Für Max Eberl ist das Trainingslager in Rottach-Egern wie Heimaturlaub. Ein bisschen Sport, gute Laune und ein Ausflug zu seiner allerersten Fußballstation als Kind unterstreichen, dass der Aufenthalt am Tegernsee nur wenig mit dem sehr stressigen Leben eines Bundesliga-Sportdirektors zu tun hat. Statt Vertragsverhandlungen und Telefonaten mit Beratern nutzt Eberl jede Möglichkeit, um Sport zu machen. Statt Büroarbeit genießt er das Sommerwetter am Fußballplatz. Wahrlich, Max Eberl ist entspannt wie selten in einer Saisonvorbereitung.

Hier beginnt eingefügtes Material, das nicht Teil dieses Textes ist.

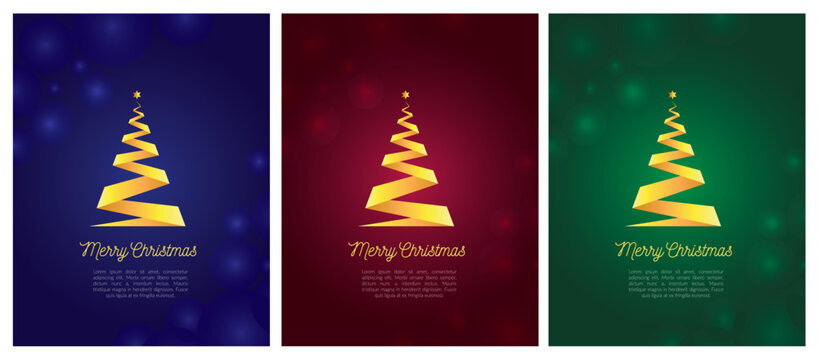Merry christmas fancy gold xmas tree in ribbon style on navy green and red background. Ideal for greeting card or elegant holiday party invitation.  3 diffrent colours.
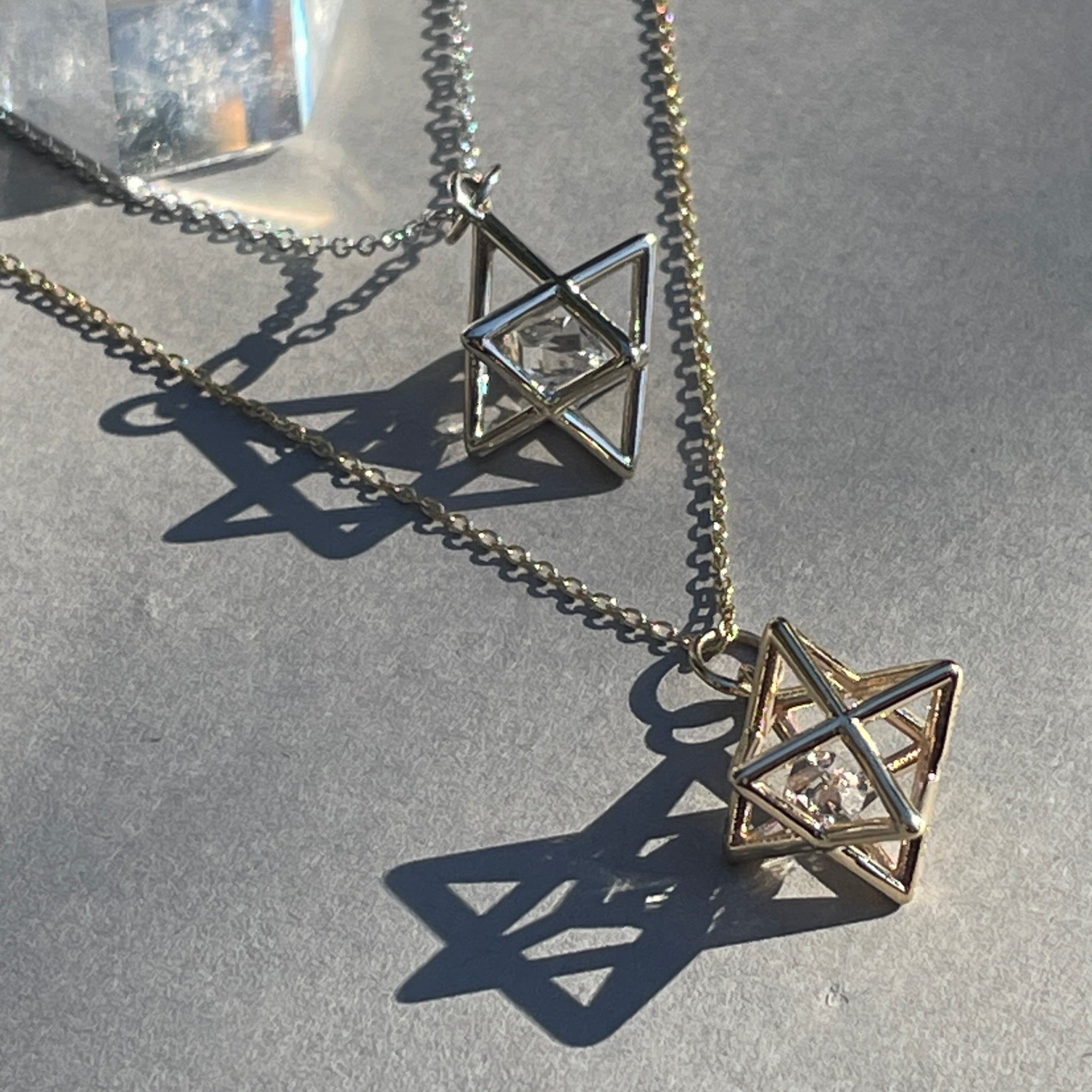 Fairmined 14kt Solid Gold Merkaba Star with Herkimer Diamond, Emerald Or Tanzanite Necklace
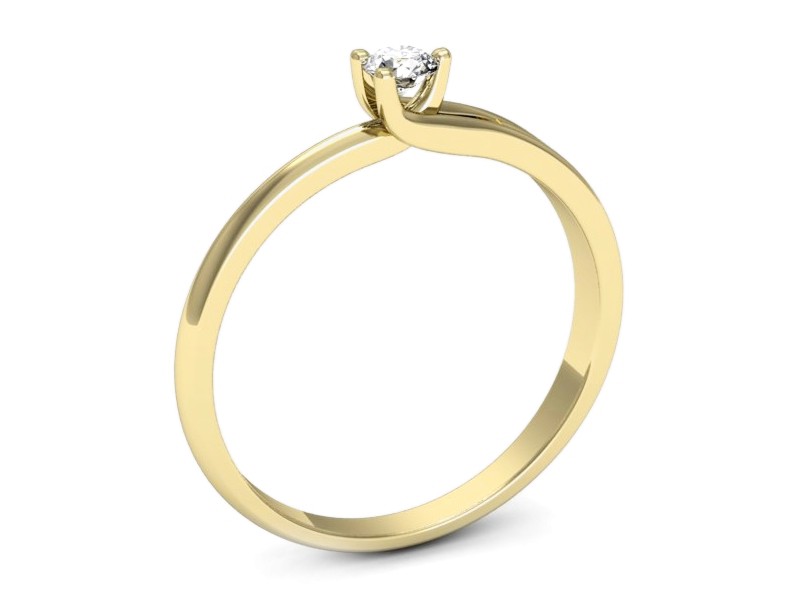 Złoty pierścionek z brylantem żółte złoto - 1263z — zdjęcie 3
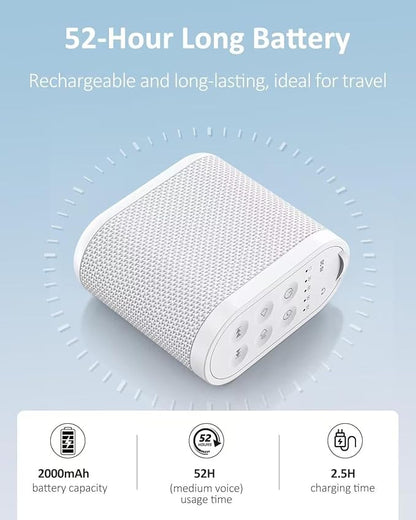 Portable Travel Sound Machine for Adults, Baby Sleeping : Super Long-Lasting & Rechargeable Battery, Headphone Jack, 21 Sounds - White Noise Machine for Office Privacy & Noise Canceling, Home, Gift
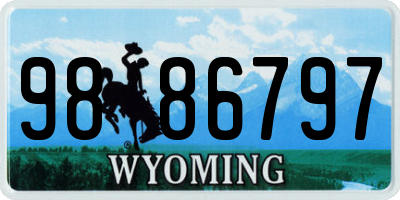 WY license plate 9886797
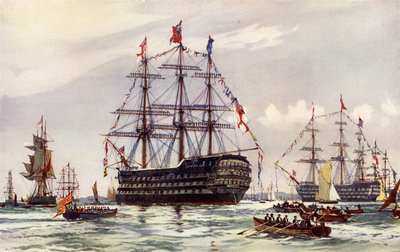 Królowa na przeglądzie Spithead z 1845 r autorstwa Charles Edward Dixon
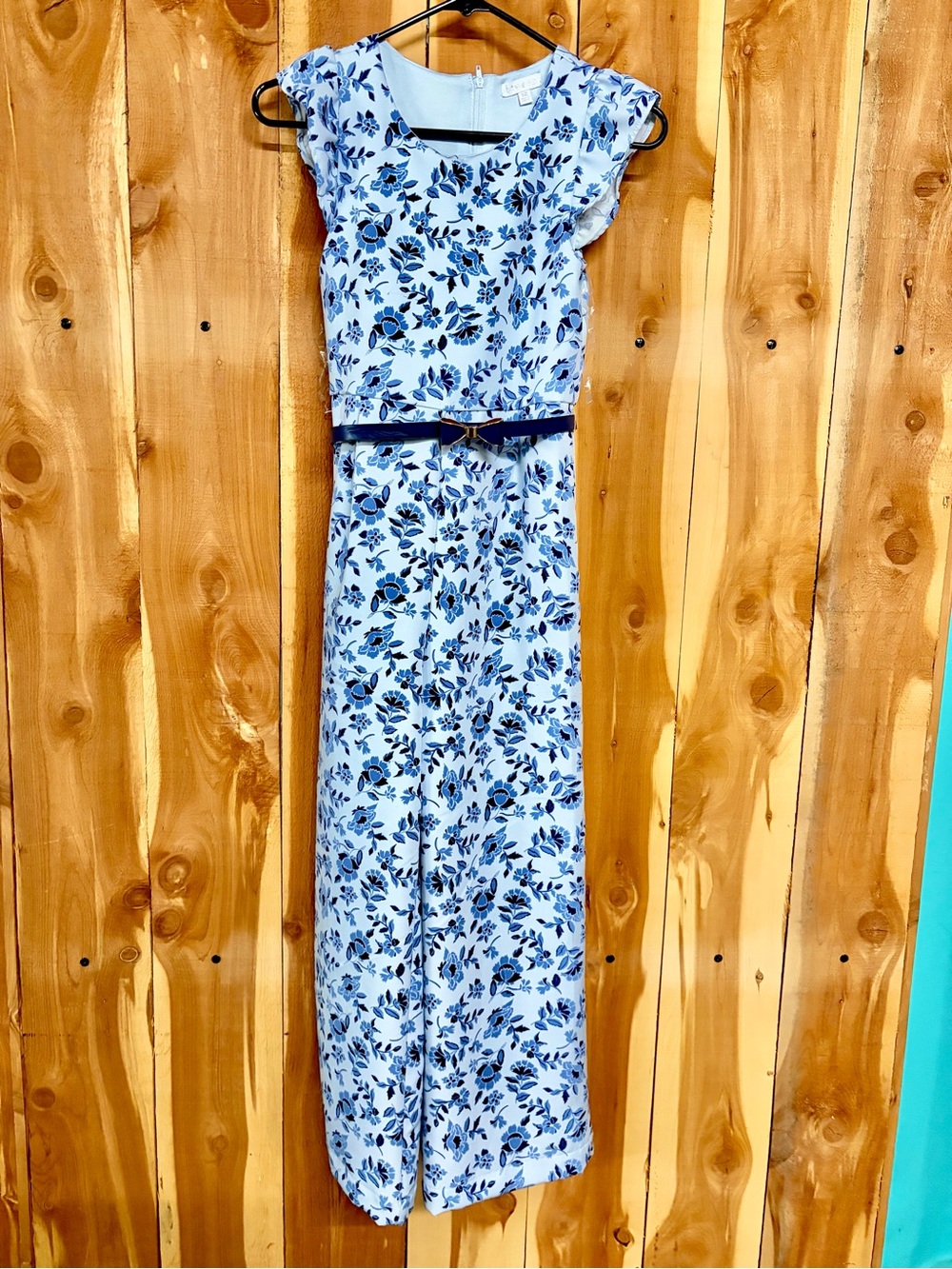 Girl’s Blue Flower Jumpsuit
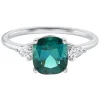 Tomfoolery TRIO White Gold Teal Tourmaline Three Stone Ring Outlet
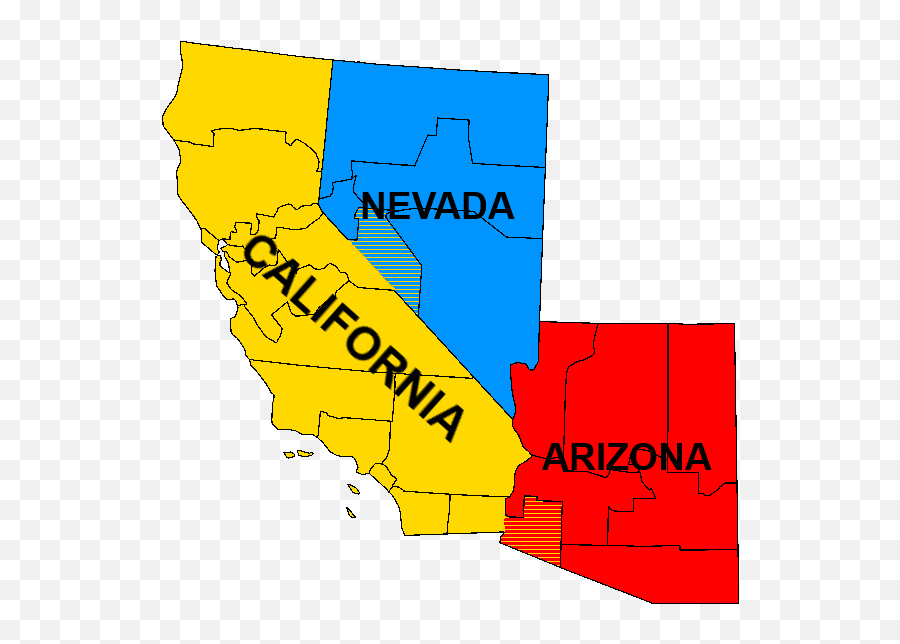 Download Hd Map Of Sierra - California Nevada And Arizona Map Of California Nevada And Arizona Emoji,California Map Png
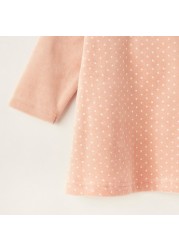 Juniors Polka Dot Print Dress with Long Sleeves and Bow Applique Detail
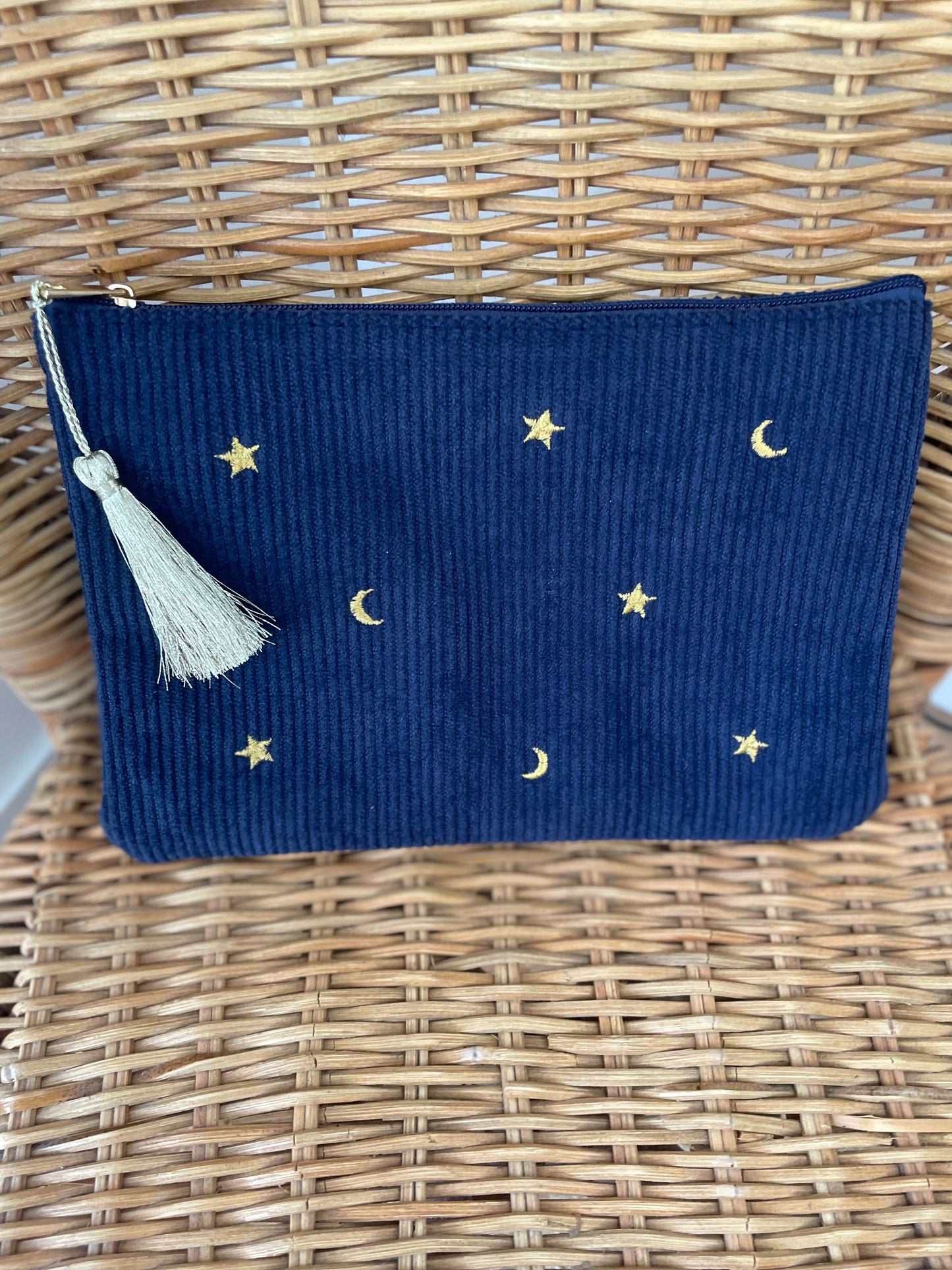 Trousse velours côtelé Lune et étoile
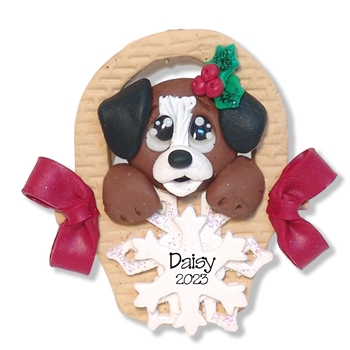 Puppy Dog in Basket Personalized Pet Ornament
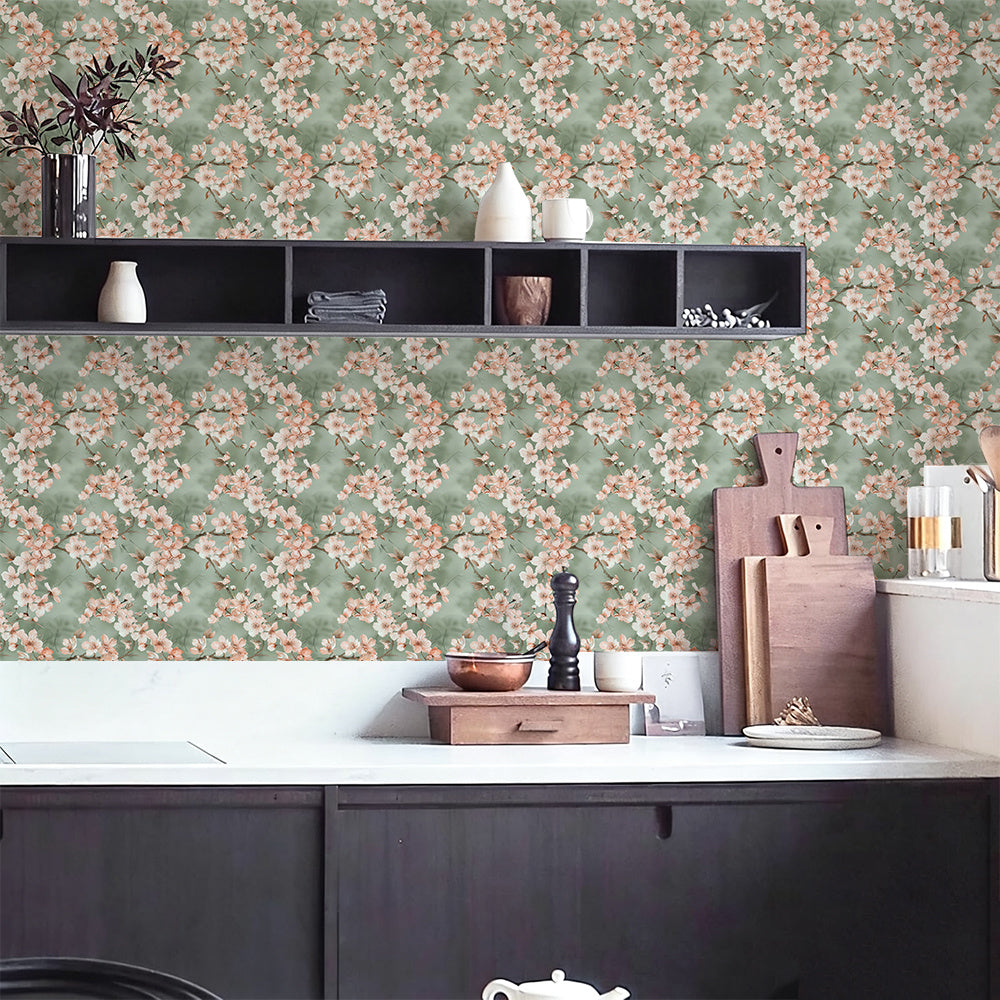 Papier peint adhésif en PVC à motif fleuri pour la cuisine amovible de 1 mm
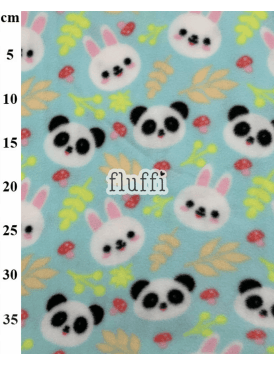 Polar Fleece Anti Pill Washable Soft Fabric- Pandas & Bunnies SQ810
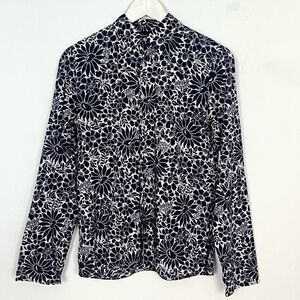 Ralph Lauren Navy Floral Print Button Down Shirt XS Cotton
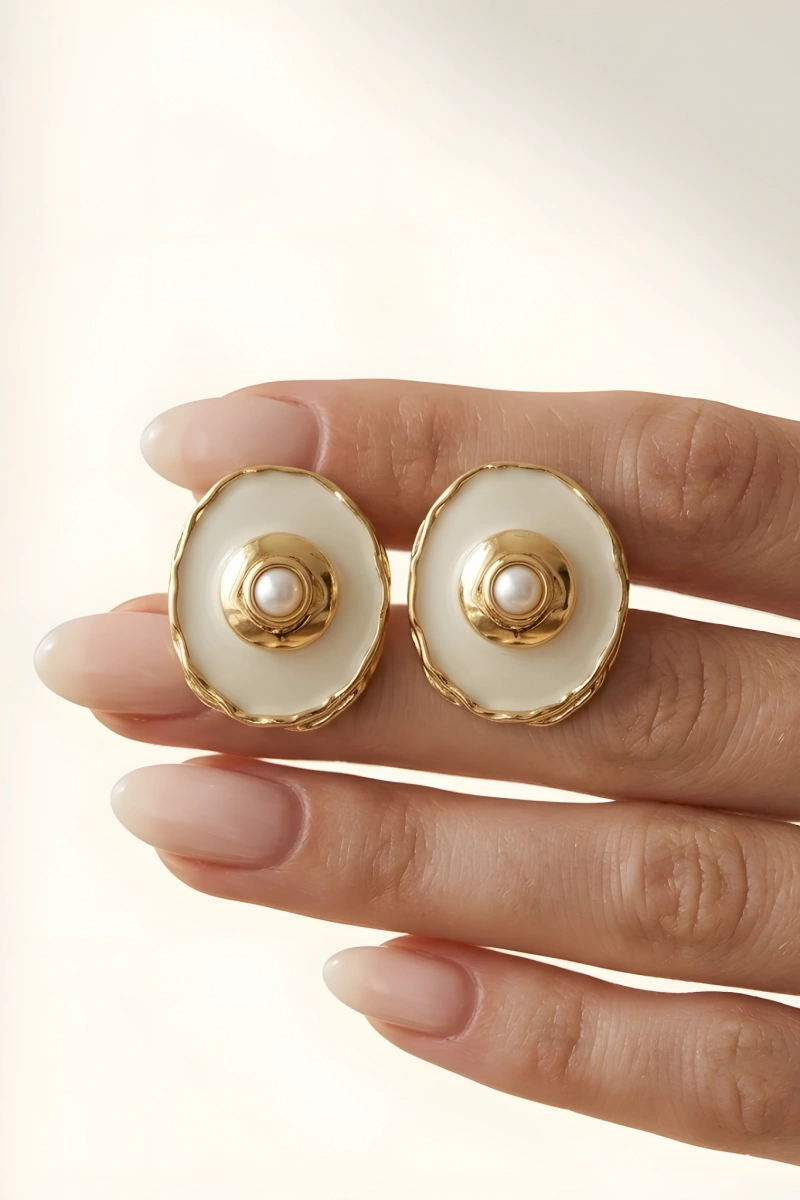 Oval İnci Model Gold Altın Kaplama Küpe
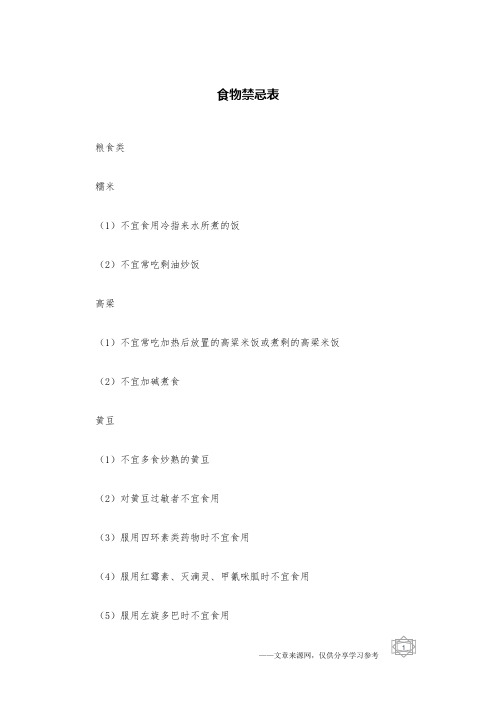 食物禁忌表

Für Sport habe er in diesem Jahr mehr Zeit, "weil es Gott sei Dank für uns etwas ruhiger ist", freut sich der 39-Jährige. Zwar habe er versucht, in den letzten Jahren immer "einen Großteil des Kaders stehen zu haben, aber es gab immer hier und da noch kleine Stellschrauben zu drehen." In diesem Jahr ist das anders und "zu Gunsten aller frühzeitig geklärt gewesen." Das sei sehr wichtig, um eine komplette Vorbereitung vernünftig absolvieren zu können.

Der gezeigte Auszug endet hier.